G大阪新エンブレムのなぜ サッカー界では異質のシンプルデザインに行きついたわけ
今年30周年を迎えたG大阪が、エンブレムの変更を決断した。10月2日の札幌戦前に発表された新デザインは、Gの文字を青、黒、白の3色でデザインした至ってシンプルなもの。一見すれば、まったくサッカークラブのエンブレムには見えない。SNSなどの反応をみると、サポーターの間でも賛否は分かれていた。「シンプルでカッコいい」「前の方がよかった」「何のマークかわからない」さまざまな意見はあるが、なぜこのデザインに行きついたのかが気になった。
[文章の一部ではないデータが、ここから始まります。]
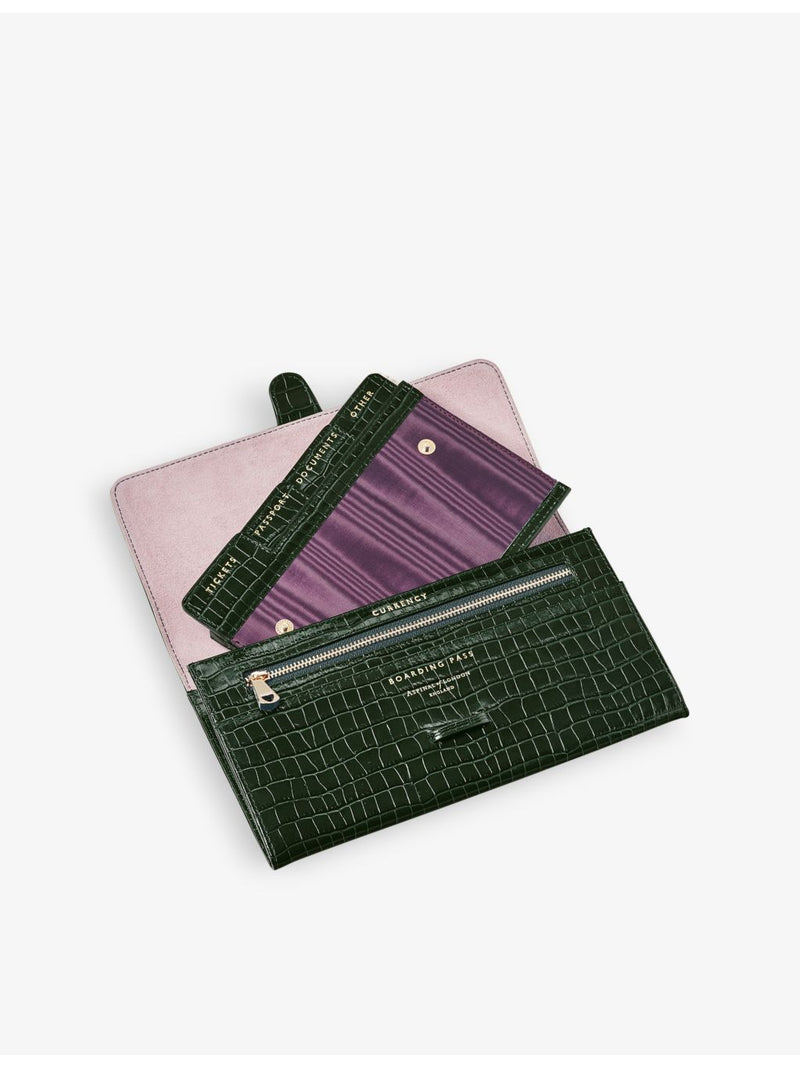 Aspinal of London croc-effect leather travel wallet, UK version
顧客創造部企画課の奥永憲治氏は「まず大前提として、エンブレムを変える、ということありきだったわけではありません。ただ、30周年を機にこれからのG大阪のあるべき姿を考え、多くの人々に知ってもらいたい、となった中で、エンブレムを変更することになり、このデザインになりました」と語る。クラブのさらなる発展に向け、大きな変化の旗頭としてエンブレム変更がなされたわけだ。
今季の30周年に向け、数年前から立ち上がったプロジェクトの中でエンブレム変更案が浮上したが、クラブ内でも旧エンブレムへの愛着の声はあったという。大阪の鳥「もず」と、大阪の木「いちょう」にサッカーボールが配され、大阪を代表するサッカークラブ、という意味が込められたデザインは、サポーターの中で定着していた。
一方、クラブは30周年を機に、「日本を代表するスポーツエクスペリエンスブランド」というコンセプトを打ち出し、このタイミングを大きな変革の時ととらえた。サッカークラブの枠を超え、新たな体験を生み出し、熱狂、そして生活に新たな様式を生み出すブランドとして成長しよう、という壮大な試みだ。そのためにガンバ大阪というブランドをより浸透させるため、エンブレムにもクラブが体現するコンセプトを組み入れたいという狙いから、変更という方向性は固まった。
サッカークラブの枠を超えたコンセプトを表現し、より日常で親しんでもらえるエンブレム…。非常に困難なお題だが、日常生活に溶け込むという意味では、まずシンプルであるという必要性が挙がった。加えて「デジタル化が進み、情報をスマホなどで見る機会が圧倒的に多くなっている。その時に、複雑なデザインのものだと、視認性が難しい。そうすると、シンプルなデザインを目指すという方向でした」と奥永氏。複数の候補は、どれも共通してシンプルなデザインのものだったという。その中で、社内での協議を経て決定。クラブの頭文字・Gを上下に分け、上部はゴールを、下部は青い炎を表現。さらに中央部分がハート形を描くことで、「ゴール」「炎」「ハート」を表現したデザインの採用が決まった。
この新エンブレムが、アパレルなど日常に溶け込みやすいことは間違いないだろう。何かのきっかけで、ニューヨーク・ヤンキースのキャップのように、サッカーへの興味が薄い若い女子の間で、エンブレム入りのキャップが流行る日がくる…かもしれない。するとアパレル収入が激増し、ワールドクラスの選手獲得が可能になる…かもしれない。変化を恐れず、勝負に打って出たクラブの思いは確かに感じた今回のエンブレム変更。そこからつながる明るい未来を誇大妄想しつつ、まずは今季のJ1残留を祈る。